* Material provided

—————

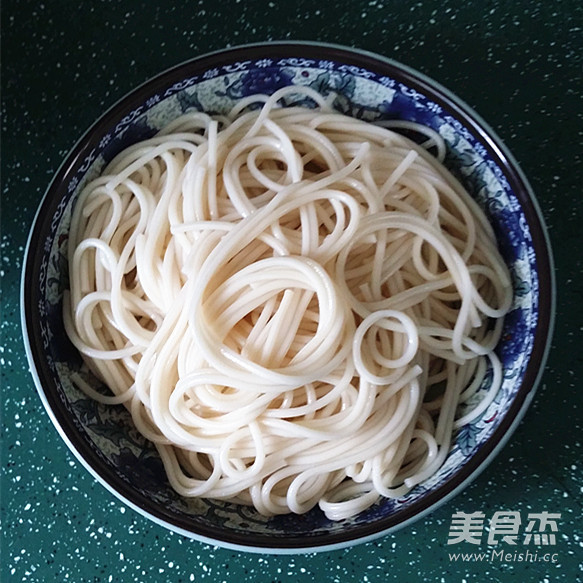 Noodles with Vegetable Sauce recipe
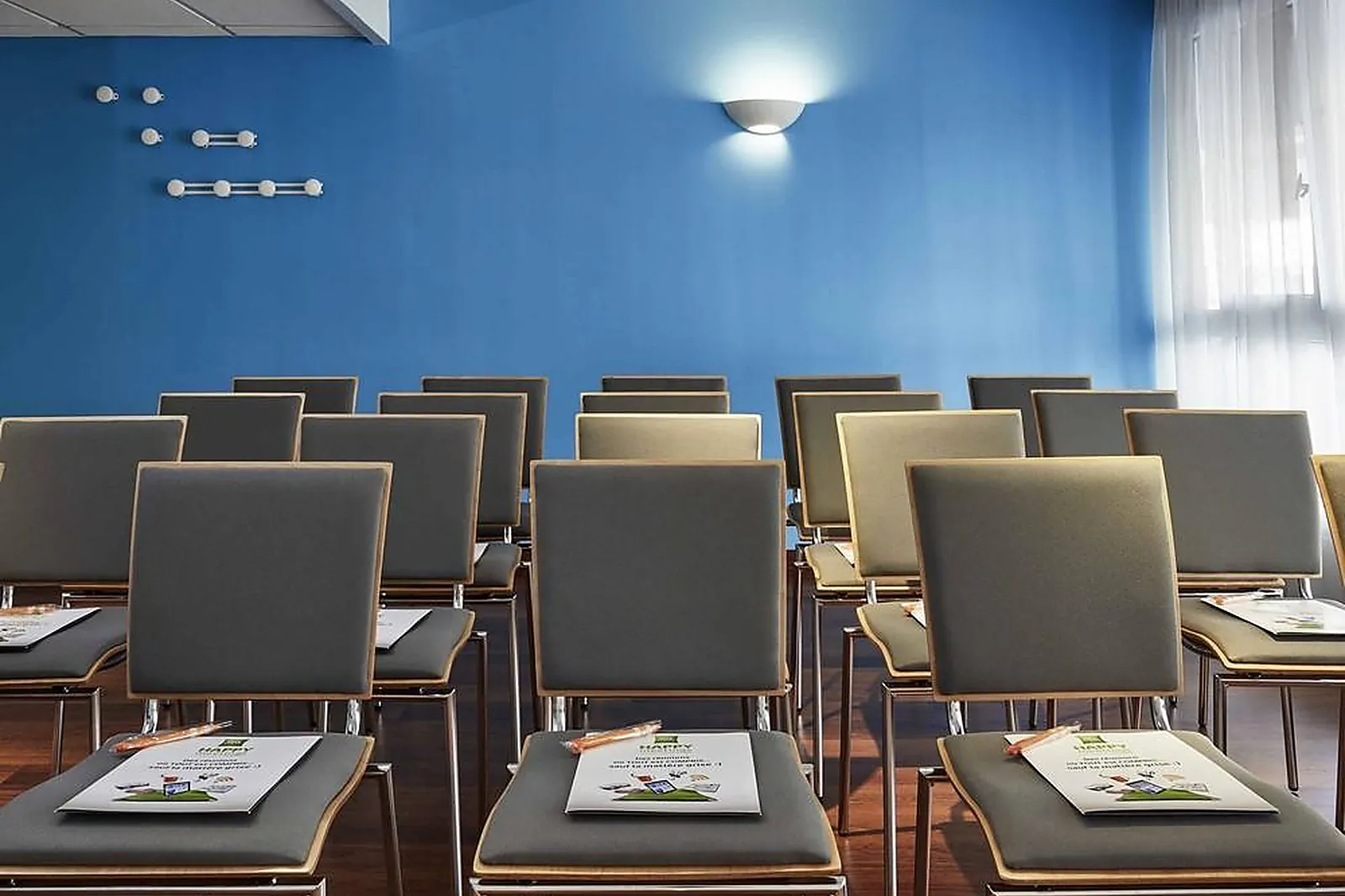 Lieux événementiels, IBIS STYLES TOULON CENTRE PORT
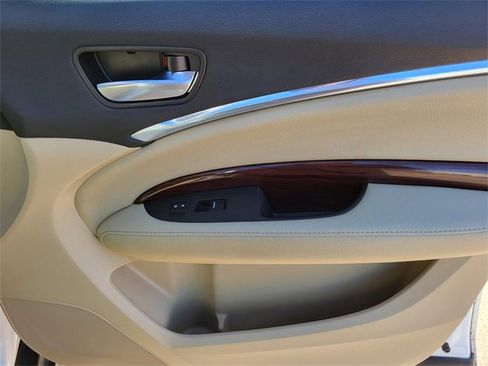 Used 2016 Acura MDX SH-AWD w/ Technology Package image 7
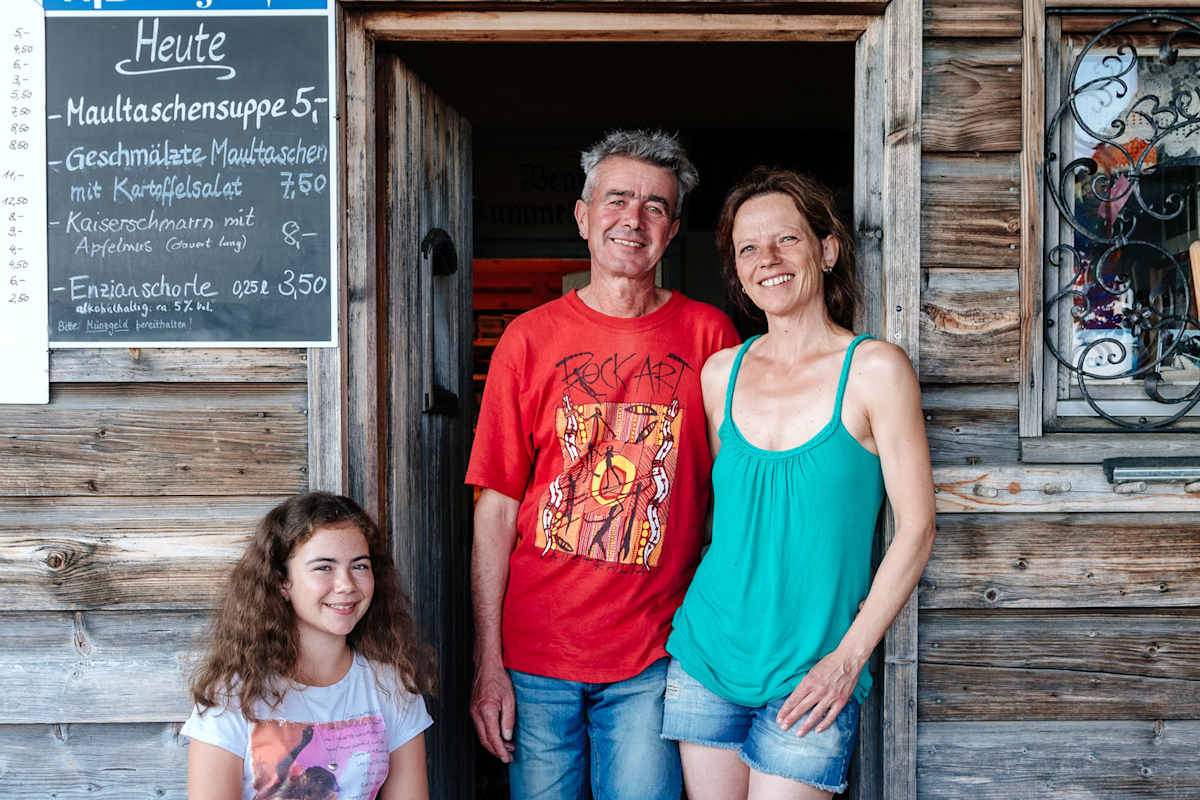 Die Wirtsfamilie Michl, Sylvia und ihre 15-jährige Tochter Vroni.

—————

* Work to complete
Begin at the line containing "Lieux événementiels, IBIS" and stop at the final line of the data. Retype those lines exactly, without the pictures.

* Exercise answer
 Lieux événementiels, IBIS STYLES TOULON CENTRE PORT
 Used 2016 Acura MDX SH-AWD w/ Technology Package image 7
 Die Wirtsfamilie Michl, Sylvia und ihre 15-jährige Tochter Vroni.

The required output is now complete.